Nanjing 2014: Diver Yang Hao swoops to double gold

China’s Yang Hao dominated the men’s events at Nanjing 2014, claiming both individual golds. He was joined on the podium on both occasions by Mexico’s Rodrigo Diego Lopez and Canada’s Philippe Gagne, who each came away with a silver and bronze.

Yang plays it cool

Though the crowd at Nanjing’s Natatorium greeted his victory in the men’s 3m springboard with understandable enthusiasm, 16-year-old Chinese diving sensation Yang Hao appeared largely unmoved. After recording a winning score of 614.80, he simply said: “I’ve just realised I’ve got the gold medal. I’m not too moved, I’ve simply done my job out there.”

The undemonstrative ace brought the home fans to their feet with his final dive, a 3.0-degree-difficulty forward two-and-a-half somersault with one twist that earned him almost perfect marks from the judges. “The crowd cheering so warmly helped me a lot,” acknowledged Yang. “I was feeling a little nervous in the beginning but felt better dive after dive.”

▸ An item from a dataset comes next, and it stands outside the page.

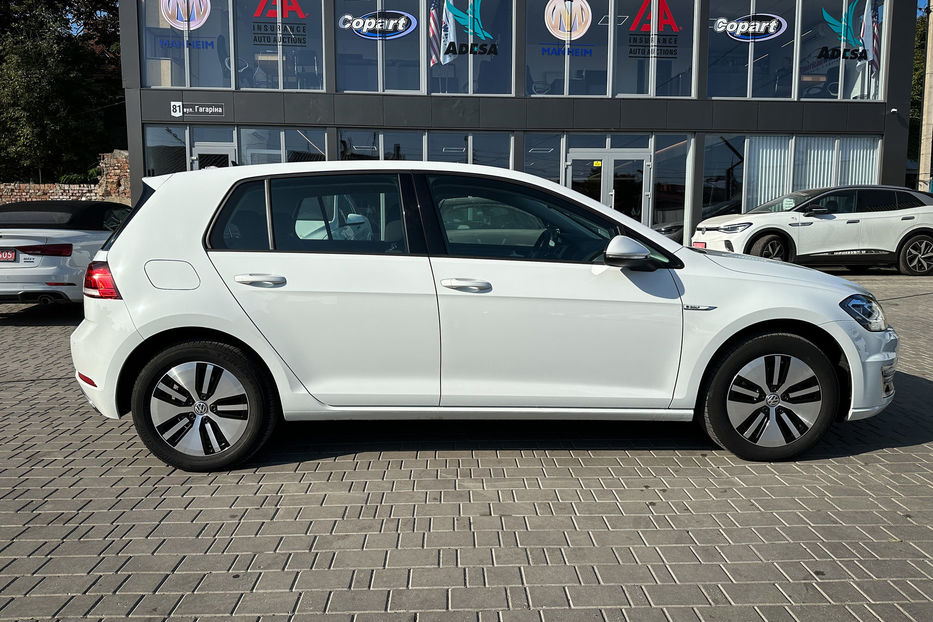 Продам Volkswagen e-Golf 36kWt 2020 года в Черновцах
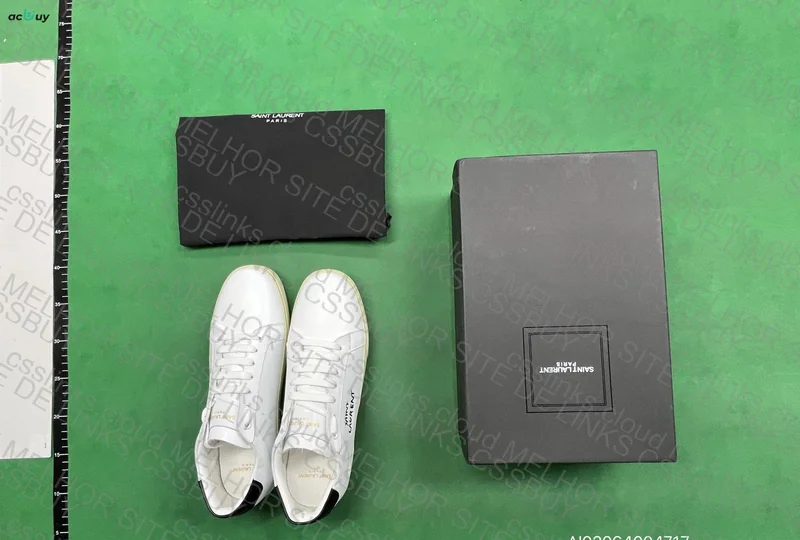 Saint Laurent Sneakers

Yang, who comfortably held off his rivals in the final, added that he was not particularly satisfied with his performance: “During training I generally do better than this.”

Mexico’s Rodrigo Diego Lopez stacked up 593.65 points to land the silver. “I feel really good,” said the Mexican. “Through the competition I always expected the gold. At the end it doesn’t come [home] with me but I am happy with the result.”

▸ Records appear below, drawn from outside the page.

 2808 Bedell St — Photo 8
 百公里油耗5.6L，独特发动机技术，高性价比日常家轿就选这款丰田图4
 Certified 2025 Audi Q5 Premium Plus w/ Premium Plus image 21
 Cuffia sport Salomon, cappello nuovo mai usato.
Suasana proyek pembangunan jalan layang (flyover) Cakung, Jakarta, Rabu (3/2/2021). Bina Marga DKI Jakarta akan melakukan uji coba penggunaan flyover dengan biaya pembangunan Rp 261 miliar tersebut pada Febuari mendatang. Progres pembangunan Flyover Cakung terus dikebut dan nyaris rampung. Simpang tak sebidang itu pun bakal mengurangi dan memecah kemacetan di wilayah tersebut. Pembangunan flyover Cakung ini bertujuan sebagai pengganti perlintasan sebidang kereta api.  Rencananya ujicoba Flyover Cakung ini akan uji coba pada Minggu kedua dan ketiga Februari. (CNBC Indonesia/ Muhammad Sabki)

Bronze medallist Philippe Gagne (CAN) said he was surprised to find himself on the podium. “I didn’t expect a medal. I was expecting maybe top five, top four, but a medal feels great,” he commented.

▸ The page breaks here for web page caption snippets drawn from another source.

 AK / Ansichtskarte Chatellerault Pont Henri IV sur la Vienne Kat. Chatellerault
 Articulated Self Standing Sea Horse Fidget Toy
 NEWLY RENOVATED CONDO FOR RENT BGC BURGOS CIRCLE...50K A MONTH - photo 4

The Canadian clinched his place on the podium with his last two dives. The first of them, a 3.5-degree-difficulty reverse three-and-a-half somersault, took him into fourth, with the second, a reverse one-and-a-half somersault with three-and-a-half twists, easing him into the top three.

“I saved those for my last two dives, the high difficulty, and they were the dives I was most stressed about,” he explained.

Two out of two for Yang Hao

Yang then wrapped up his brilliant contribution to Nanjing 2014 by winning the men's 10m platform gold medal, matching the achievement of his female compatriot Wu Shengping.
The gulf in class between the Chinese diver and his rivals was reflected in a winning margin of 134.20 points.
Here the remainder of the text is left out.